Source material
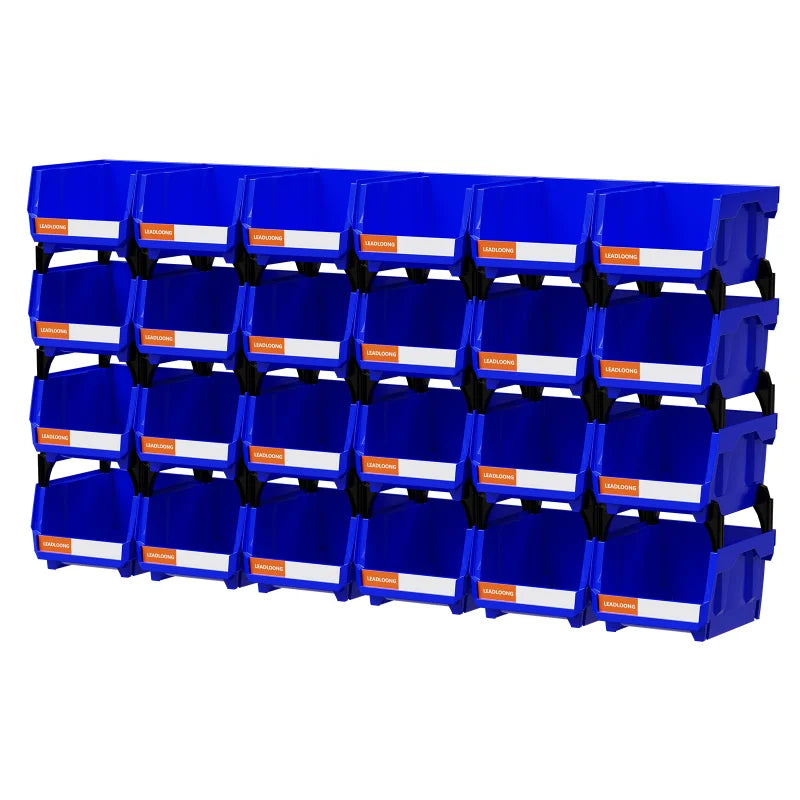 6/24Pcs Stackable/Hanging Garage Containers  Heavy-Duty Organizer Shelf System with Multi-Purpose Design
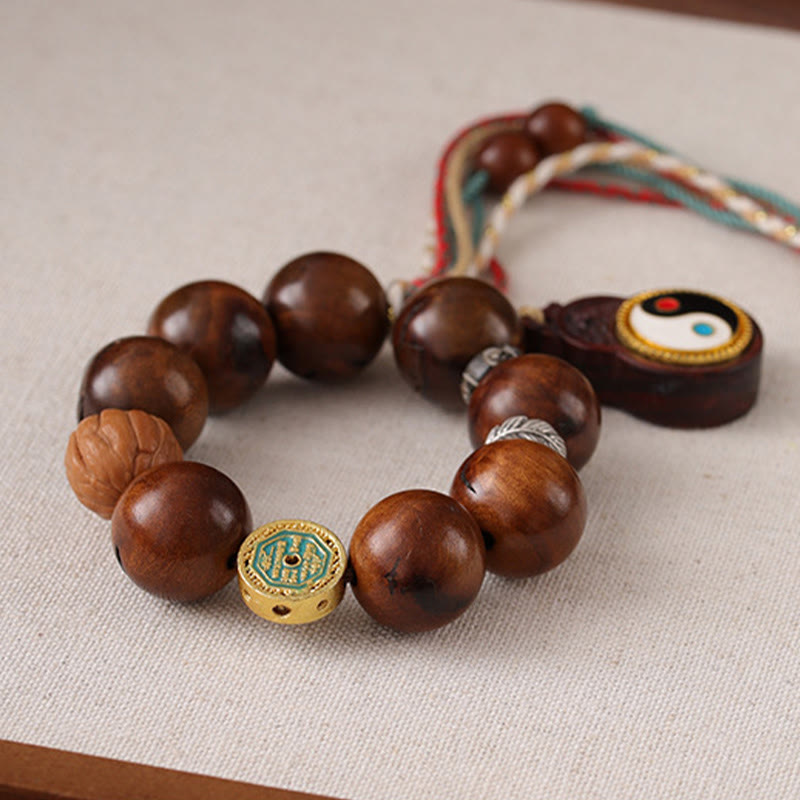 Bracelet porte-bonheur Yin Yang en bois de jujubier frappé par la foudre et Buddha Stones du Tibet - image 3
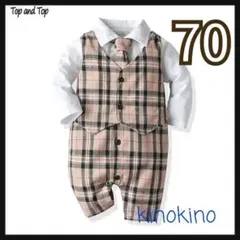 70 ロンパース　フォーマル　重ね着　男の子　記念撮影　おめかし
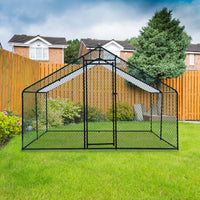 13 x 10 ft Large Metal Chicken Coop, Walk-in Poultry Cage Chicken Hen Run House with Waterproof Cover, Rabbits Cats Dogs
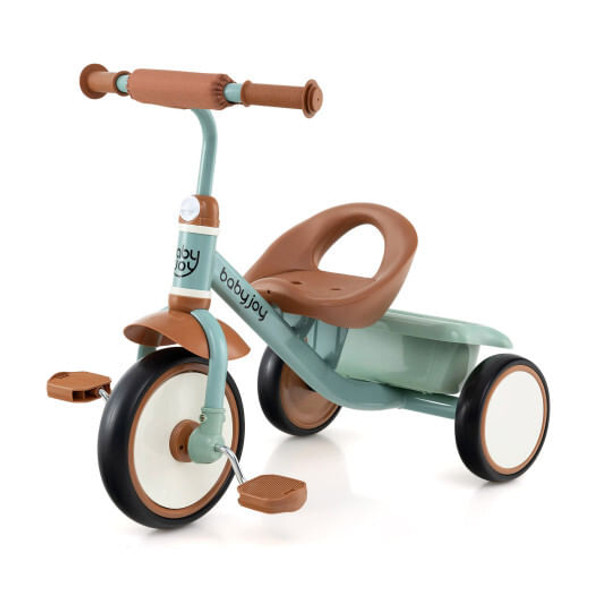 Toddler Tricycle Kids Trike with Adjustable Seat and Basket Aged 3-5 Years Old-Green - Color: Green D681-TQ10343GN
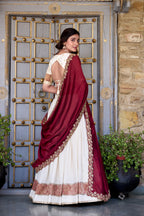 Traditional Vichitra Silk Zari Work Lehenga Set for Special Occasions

* * *

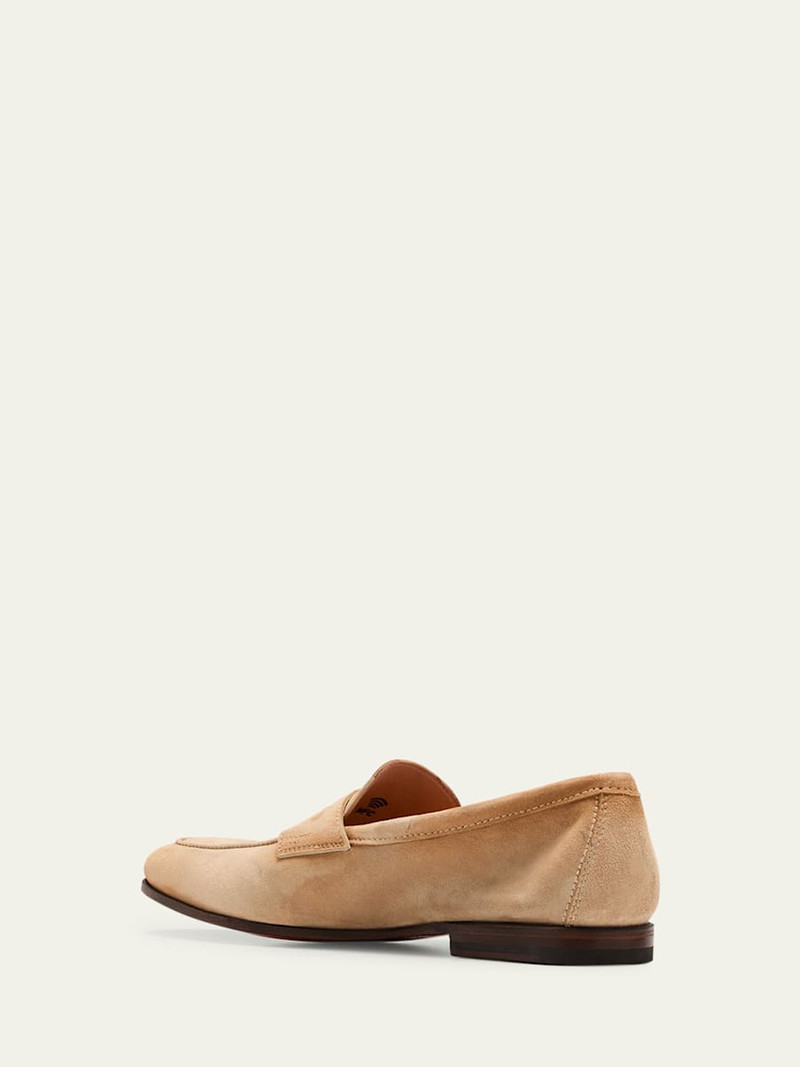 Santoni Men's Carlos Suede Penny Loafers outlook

Work order
Look above for the line containing "Bracelet porte-bonheur Yin", then copy exactly from it through the line containing "Traditional Vichitra Silk", keeping both and leaving out pictures. Add nothing else.

Exercise response
 Bracelet porte-bonheur Yin Yang en bois de jujubier frappé par la foudre et Buddha Stones du Tibet - image 3
 70 ロンパース　フォーマル　重ね着　男の子　記念撮影　おめかし
 13 x 10 ft Large Metal Chicken Coop, Walk-in Poultry Cage Chicken Hen Run House with Waterproof Cover, Rabbits Cats Dogs
 Toddler Tricycle Kids Trike with Adjustable Seat and Basket Aged 3-5 Years Old-Green - Color: Green D681-TQ10343GN
 Traditional Vichitra Silk Zari Work Lehenga Set for Special Occasions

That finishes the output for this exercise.